- **EXCERPTED RECORDS**:
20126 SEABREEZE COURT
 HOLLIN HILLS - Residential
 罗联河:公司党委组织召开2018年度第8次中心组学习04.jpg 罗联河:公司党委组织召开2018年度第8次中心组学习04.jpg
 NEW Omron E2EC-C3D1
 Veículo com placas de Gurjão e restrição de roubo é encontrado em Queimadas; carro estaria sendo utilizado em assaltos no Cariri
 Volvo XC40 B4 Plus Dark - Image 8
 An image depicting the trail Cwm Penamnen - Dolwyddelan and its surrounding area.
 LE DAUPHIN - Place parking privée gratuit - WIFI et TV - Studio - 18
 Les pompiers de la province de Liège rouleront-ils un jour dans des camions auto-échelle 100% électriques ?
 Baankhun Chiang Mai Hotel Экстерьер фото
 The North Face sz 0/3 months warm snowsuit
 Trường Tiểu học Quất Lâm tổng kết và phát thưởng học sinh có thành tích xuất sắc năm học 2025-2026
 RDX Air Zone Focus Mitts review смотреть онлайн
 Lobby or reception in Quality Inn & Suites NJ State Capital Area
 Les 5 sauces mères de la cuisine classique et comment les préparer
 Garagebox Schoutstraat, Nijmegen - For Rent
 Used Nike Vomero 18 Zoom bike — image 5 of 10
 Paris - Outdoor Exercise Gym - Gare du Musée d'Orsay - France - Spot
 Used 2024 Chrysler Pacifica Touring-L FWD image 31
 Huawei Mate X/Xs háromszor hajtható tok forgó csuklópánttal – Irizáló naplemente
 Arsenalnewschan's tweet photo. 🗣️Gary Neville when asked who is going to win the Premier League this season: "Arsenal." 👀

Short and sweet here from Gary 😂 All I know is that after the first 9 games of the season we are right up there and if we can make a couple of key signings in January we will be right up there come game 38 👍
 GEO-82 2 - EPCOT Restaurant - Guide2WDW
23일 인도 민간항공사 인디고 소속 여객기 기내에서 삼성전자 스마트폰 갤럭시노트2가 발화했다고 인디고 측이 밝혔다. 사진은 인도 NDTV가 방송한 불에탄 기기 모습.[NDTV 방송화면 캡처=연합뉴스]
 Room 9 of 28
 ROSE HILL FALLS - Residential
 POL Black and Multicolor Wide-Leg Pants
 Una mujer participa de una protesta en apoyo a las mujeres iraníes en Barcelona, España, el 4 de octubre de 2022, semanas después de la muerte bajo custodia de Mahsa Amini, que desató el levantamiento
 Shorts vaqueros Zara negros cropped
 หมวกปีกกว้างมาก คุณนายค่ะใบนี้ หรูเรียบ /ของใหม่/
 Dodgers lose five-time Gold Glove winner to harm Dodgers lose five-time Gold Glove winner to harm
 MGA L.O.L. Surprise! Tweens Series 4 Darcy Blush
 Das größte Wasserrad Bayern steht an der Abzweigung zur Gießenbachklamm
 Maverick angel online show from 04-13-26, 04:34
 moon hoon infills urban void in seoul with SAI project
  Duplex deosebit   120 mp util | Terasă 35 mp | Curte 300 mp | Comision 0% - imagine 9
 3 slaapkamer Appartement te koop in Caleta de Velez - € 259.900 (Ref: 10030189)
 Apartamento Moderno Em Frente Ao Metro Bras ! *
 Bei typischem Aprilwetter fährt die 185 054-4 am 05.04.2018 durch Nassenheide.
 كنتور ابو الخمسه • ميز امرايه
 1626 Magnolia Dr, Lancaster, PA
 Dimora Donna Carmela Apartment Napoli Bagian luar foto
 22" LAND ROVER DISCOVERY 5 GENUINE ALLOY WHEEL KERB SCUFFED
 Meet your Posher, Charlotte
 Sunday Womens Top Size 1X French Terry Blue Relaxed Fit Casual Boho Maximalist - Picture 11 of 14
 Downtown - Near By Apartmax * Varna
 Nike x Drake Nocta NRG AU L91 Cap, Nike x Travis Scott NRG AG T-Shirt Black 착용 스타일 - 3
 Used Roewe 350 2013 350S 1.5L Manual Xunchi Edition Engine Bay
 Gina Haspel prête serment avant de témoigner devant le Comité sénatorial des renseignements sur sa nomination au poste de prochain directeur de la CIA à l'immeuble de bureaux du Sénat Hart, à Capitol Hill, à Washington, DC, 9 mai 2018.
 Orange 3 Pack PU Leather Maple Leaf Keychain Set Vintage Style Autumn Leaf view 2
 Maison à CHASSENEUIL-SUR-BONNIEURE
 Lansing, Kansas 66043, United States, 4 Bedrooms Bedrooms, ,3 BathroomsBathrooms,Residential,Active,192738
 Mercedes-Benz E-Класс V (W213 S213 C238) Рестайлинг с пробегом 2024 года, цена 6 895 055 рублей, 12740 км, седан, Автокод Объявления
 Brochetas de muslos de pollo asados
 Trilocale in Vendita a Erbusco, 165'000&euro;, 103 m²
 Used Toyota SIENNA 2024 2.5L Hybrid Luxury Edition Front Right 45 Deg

- **EXERCISE GOAL**:
Here the output must be the lines above from the line with "Baankhun Chiang Mai Hotel Экстерьер фото" to the line with "Used 2024 Chrysler", both included, duplicated word for word and nothing else.

- **FINISHED EXERCISE**:
 Baankhun Chiang Mai Hotel Экстерьер фото
 The North Face sz 0/3 months warm snowsuit
 Trường Tiểu học Quất Lâm tổng kết và phát thưởng học sinh có thành tích xuất sắc năm học 2025-2026
 RDX Air Zone Focus Mitts review смотреть онлайн
 Lobby or reception in Quality Inn & Suites NJ State Capital Area
 Les 5 sauces mères de la cuisine classique et comment les préparer
 Garagebox Schoutstraat, Nijmegen - For Rent
 Used Nike Vomero 18 Zoom bike — image 5 of 10
 Paris - Outdoor Exercise Gym - Gare du Musée d'Orsay - France - Spot
 Used 2024 Chrysler Pacifica Touring-L FWD image 31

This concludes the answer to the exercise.